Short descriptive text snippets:
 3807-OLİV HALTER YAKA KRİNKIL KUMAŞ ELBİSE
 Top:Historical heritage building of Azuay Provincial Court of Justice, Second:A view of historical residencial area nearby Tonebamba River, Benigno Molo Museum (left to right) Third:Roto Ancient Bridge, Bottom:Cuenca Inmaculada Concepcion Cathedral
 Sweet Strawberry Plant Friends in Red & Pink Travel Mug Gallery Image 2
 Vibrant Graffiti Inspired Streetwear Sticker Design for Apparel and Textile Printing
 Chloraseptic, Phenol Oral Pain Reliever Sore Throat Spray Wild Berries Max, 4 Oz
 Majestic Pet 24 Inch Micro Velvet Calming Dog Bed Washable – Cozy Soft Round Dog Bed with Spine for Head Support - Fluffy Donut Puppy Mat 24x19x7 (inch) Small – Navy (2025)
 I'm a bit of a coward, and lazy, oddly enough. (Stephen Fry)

Assignment: Please copy out the records exactly as they appear.

Your response:
 3807-OLİV HALTER YAKA KRİNKIL KUMAŞ ELBİSE
 Top:Historical heritage building of Azuay Provincial Court of Justice, Second:A view of historical residencial area nearby Tonebamba River, Benigno Molo Museum (left to right) Third:Roto Ancient Bridge, Bottom:Cuenca Inmaculada Concepcion Cathedral
 Sweet Strawberry Plant Friends in Red & Pink Travel Mug Gallery Image 2
 Vibrant Graffiti Inspired Streetwear Sticker Design for Apparel and Textile Printing
 Chloraseptic, Phenol Oral Pain Reliever Sore Throat Spray Wild Berries Max, 4 Oz
 Majestic Pet 24 Inch Micro Velvet Calming Dog Bed Washable – Cozy Soft Round Dog Bed with Spine for Head Support - Fluffy Donut Puppy Mat 24x19x7 (inch) Small – Navy (2025)
 I'm a bit of a coward, and lazy, oddly enough. (Stephen Fry)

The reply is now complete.